Officials at the U.S. Department of Energy (DOE) and Lawrence Livermore National Laboratory knowingly downplayed the National Ignition Facility's (NIF) growing technical problems. In addition, the officials also fudged an outside contactor's evaluation to give the project glowing reviews last year, according to the U.S. General Accounting Office (GAO).

The project, which has been under construction since 1997, has encountered a series of problems, including the resignation of its director, construction delays, and massive cost overruns.

The revelations raise more concerns and doubts about the value of the experimental laser project to DOE's nuclear weapons program as Congress debates whether to reduce the embattled project's funding.
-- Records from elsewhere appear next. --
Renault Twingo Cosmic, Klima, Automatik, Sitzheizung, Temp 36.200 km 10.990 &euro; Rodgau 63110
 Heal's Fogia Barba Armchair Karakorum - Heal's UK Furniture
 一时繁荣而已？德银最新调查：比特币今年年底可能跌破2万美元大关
The superlaser was designed to test the reliability of nuclear weapons by heating and compressing nuclear fuel pellets with 192 converging laser beams. NIF was originally scheduled to begin operating in 2002. Deadline slippage and numerous technical snags have pushed back NIF's completion until 2008, according to DOE.
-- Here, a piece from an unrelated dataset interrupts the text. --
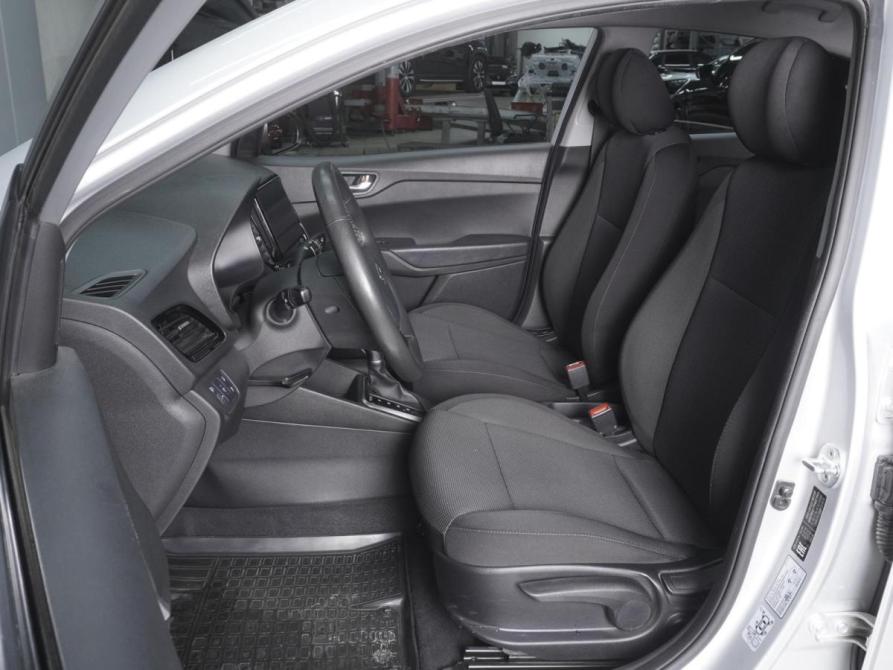 Hyundai Solaris II Рестайлинг Ростов-на-Дону  - изображение 10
Although the project's mission has been questioned from the outset, the full extent of the project's troubles was made public in the fall of 1999. The GAO report says that both lab managers and officials at the Energy Department headquarters knowingly covered up the project's true costs beginning with an initial budget request of $1.2 billion in 1995.

According to the GAO, the cost of the stadium-size laser now stands at more than $3.9 billion. This includes funds for related research and programs that investigators believe should be counted as part of the ignition facility's budget.

That estimate is more than $600 million higher than the DOE's latest projection of $3.3 billion, which excludes costs the Department insists do not belong on the ignition facility's balance sheet.

The GAO attributes the cost overruns to an unrealistic initial budget, poor management at Lawrence Livermore, and an absence of independent review and oversight by the Department of Energy.